Квинт позвонил в три ночи и сообщил, что Эбер единственный и еще не такой уж старый человек, связанный с Михаилом Ивановичем в тридцатые и начале сороковых по той линии, – нашелся. Хотя... "Хотя что?" – простонал я в холодном поту, полубезумный от страха и с обрывками последнего сна в мутной голове. Квинт объяснил, что, по сведениям, полученным им от его троюродного дяди Оскара по прозвищу "Бош", Эбер – ипохондрик и мизантроп, живет километрах в ста от Мюнхена, никого не принимает и держит страшных овчарок, буквально рвущих в клочья непрошеных посетителей. Недавно одна чуть не насмерть искусала его собственного адвоката, и Эберу пришлось заплатить тому 80 000 марок отступного, чтобы не доводить дело до суда. "Значит, у Эбера есть деньги?" – "Это тоже неизвестно. Дядя Оскар подозревает, что в общем их у него нет, но они появляются, когда случается что-нибудь экстренное". – "А оно с ним часто случается, это экстренное?" – "Этого я не знаю, но думаю, что твой приезд к нему окажется именно таким случаем". "Хорошо, пусть меня тоже искусает его собака за 80 000 марок.
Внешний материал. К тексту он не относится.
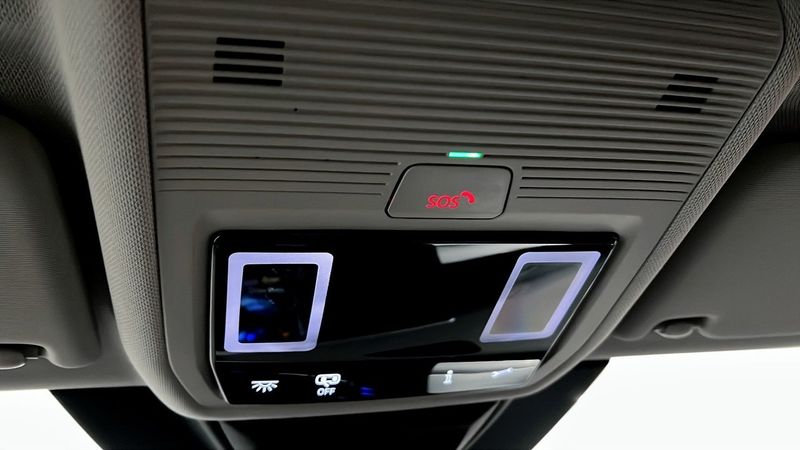 Volkswagen Golf bild 21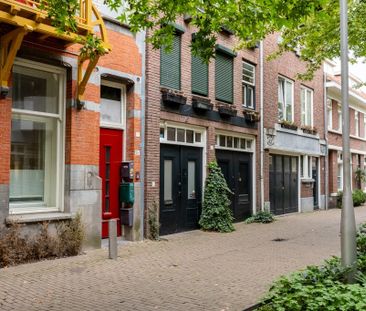 Te huur: Appartement Langestraat in Tilburg - Foto 4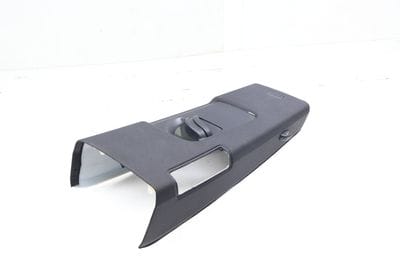 Upper B Pillar Trim / Lining 4M8867244B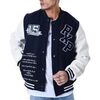 Blouson Project X Paris 2230109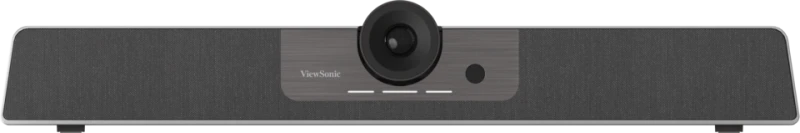 ViewSonic UMB202 | 4K Videobar für Microsoft Teams Rooms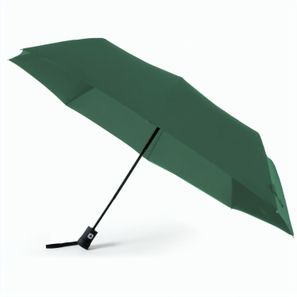 Regenschirm Hebol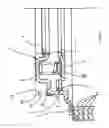 Fig. 02 - Process for preparing a coating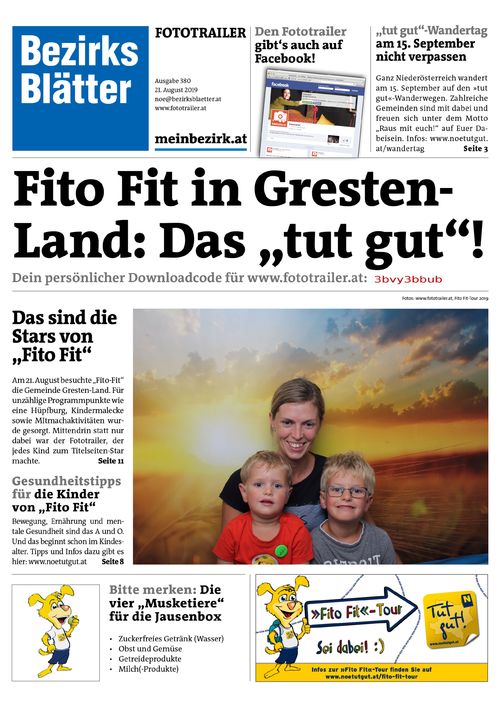 3BVY3BBUBBZN_20190821142051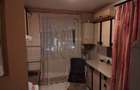 OCAZIE Apartament  2 camere la doar 43.000 euro - 6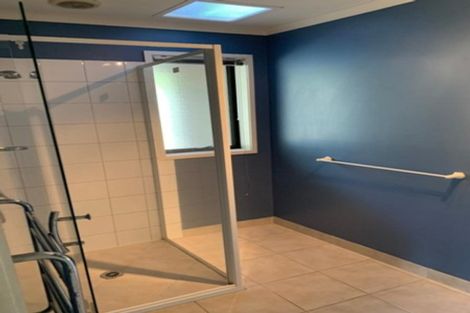 Photo of property in 14a Hillcrest Road, Hillcrest, Hamilton, 3216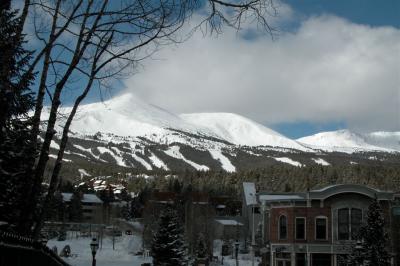 Breck_05 078.jpg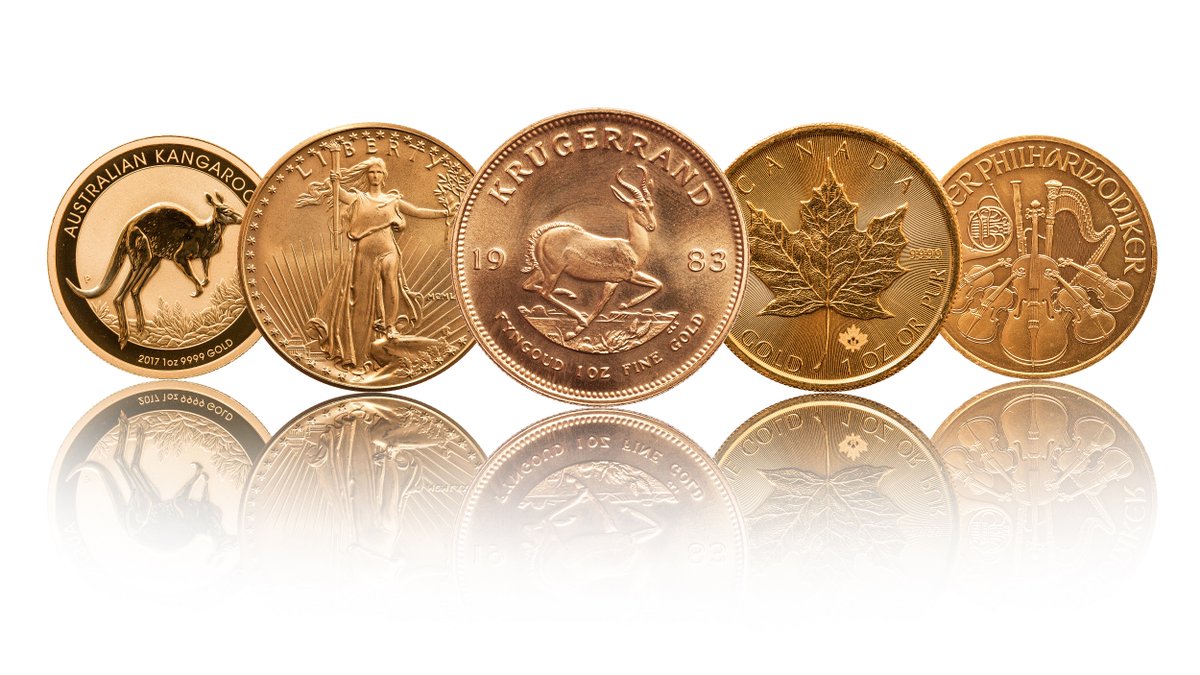 SwissGoldSafe's tweet photo. Wertdichte Anlageformen 

#Münzen und #Barren aus #Gold, #Silber, #Platin oder #Palladium können sich zum Vermögensaufbau eignen und haben sich oft als Krisenwährung bewährt. Erfahren Sie in unserer #Artikelsammlung alles zu den wertdichten #Anlageformen.

https://t.co/6FdpuZz64g https://t.co/i6EmZp57i0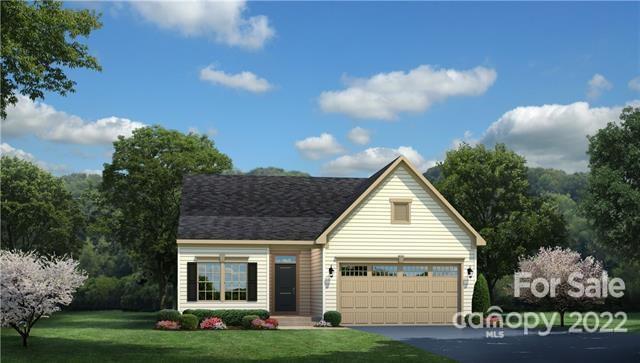 1110 Ryan Meadow Drive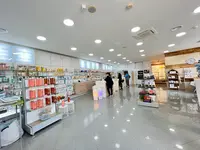 Farmacia Belén Pérez Ferrer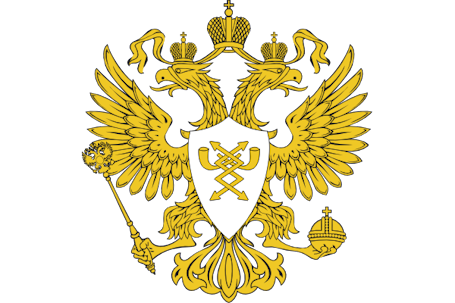 Приказ Минцифры России от 15.11.2021 № 1187 (ред. от 01.08.2024) "Об утверждении перечня индикаторов риска нарушения обязательных требований при осуществлении федерального государственного контроля (надзора) за обработкой персональных данных" Приказ Минцифры России от 15.11.2021 № 1187 (ред. от 01.08.2024) "Об утверждении перечня индикаторов риска нарушения обязательных требований при осуществлении федерального государственного контроля (надзора) за обработкой персональных данных"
Мне очень нужны деньги". – "На это лучше не рассчитывай и смотри, как бы тебе самому не пришлось платить деньги, чтобы выпутаться из какой-нибудь неприятной истории, связанной с твоим посещением Эбера. Но имей в виду, что он уже сказал дяде Оскару, что будет весьма рад тебя видеть в Эльсхейме – так называется его имение – послезавтра к ужину. Не позже семи тридцати. Фрак или смокинг – необязательны. От станции надо идти шесть километров пешком, так что добавь час с четвертью. Машину за тобой он прислать не может, так как в этот вечер его дворецкий и шофер (если это не одно и то же лицо) оба выходные, а сам он будет занят приготовлениями к ужину.